RECORDS SUPPLIED START

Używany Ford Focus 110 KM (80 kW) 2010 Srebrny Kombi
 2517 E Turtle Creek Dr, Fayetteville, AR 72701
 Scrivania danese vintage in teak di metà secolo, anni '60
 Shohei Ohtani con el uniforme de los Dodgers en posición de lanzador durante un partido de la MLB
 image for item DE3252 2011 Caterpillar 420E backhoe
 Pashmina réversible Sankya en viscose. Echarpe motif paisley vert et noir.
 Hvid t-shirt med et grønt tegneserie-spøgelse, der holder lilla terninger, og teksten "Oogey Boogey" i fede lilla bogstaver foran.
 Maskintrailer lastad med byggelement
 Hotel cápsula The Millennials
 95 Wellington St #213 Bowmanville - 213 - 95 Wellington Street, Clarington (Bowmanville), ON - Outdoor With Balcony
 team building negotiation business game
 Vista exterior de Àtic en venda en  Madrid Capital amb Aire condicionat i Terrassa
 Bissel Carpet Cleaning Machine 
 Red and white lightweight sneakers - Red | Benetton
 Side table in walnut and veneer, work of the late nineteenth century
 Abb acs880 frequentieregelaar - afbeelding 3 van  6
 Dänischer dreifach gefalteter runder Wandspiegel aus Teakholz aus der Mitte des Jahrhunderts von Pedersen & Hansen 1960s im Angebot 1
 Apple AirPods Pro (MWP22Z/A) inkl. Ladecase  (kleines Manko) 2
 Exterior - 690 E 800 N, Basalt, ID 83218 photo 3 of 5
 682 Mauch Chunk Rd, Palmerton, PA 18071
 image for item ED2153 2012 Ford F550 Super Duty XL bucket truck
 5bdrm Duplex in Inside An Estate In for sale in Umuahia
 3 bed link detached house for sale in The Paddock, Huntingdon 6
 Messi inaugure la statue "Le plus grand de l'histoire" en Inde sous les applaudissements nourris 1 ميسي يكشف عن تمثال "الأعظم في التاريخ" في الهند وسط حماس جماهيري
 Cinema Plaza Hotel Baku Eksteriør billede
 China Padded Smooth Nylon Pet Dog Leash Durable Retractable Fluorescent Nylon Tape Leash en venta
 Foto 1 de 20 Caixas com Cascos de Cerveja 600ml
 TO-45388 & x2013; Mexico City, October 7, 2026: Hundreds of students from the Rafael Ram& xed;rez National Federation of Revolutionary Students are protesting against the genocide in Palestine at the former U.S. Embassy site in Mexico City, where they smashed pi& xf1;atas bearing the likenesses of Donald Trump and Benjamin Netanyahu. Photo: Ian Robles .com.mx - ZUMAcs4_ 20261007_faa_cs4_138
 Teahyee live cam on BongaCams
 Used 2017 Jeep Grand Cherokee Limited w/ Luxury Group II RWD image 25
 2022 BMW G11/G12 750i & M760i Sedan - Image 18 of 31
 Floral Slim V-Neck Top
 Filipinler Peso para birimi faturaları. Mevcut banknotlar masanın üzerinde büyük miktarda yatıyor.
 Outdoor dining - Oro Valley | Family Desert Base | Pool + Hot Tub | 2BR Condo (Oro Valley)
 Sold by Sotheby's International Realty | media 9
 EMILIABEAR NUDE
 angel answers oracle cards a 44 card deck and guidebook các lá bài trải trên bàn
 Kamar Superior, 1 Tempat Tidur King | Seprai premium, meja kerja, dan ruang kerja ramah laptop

RECORDS SUPPLIED END

**ASSIGNED TASK**. Print the material above verbatim, first line through the line containing "Abb acs880 frequentieregelaar", both included.

**RESULT OF THE TASK**.
Używany Ford Focus 110 KM (80 kW) 2010 Srebrny Kombi
 2517 E Turtle Creek Dr, Fayetteville, AR 72701
 Scrivania danese vintage in teak di metà secolo, anni '60
 Shohei Ohtani con el uniforme de los Dodgers en posición de lanzador durante un partido de la MLB
 image for item DE3252 2011 Caterpillar 420E backhoe
 Pashmina réversible Sankya en viscose. Echarpe motif paisley vert et noir.
 Hvid t-shirt med et grønt tegneserie-spøgelse, der holder lilla terninger, og teksten "Oogey Boogey" i fede lilla bogstaver foran.
 Maskintrailer lastad med byggelement
 Hotel cápsula The Millennials
 95 Wellington St #213 Bowmanville - 213 - 95 Wellington Street, Clarington (Bowmanville), ON - Outdoor With Balcony
 team building negotiation business game
 Vista exterior de Àtic en venda en  Madrid Capital amb Aire condicionat i Terrassa
 Bissel Carpet Cleaning Machine 
 Red and white lightweight sneakers - Red | Benetton
 Side table in walnut and veneer, work of the late nineteenth century
 Abb acs880 frequentieregelaar - afbeelding 3 van  6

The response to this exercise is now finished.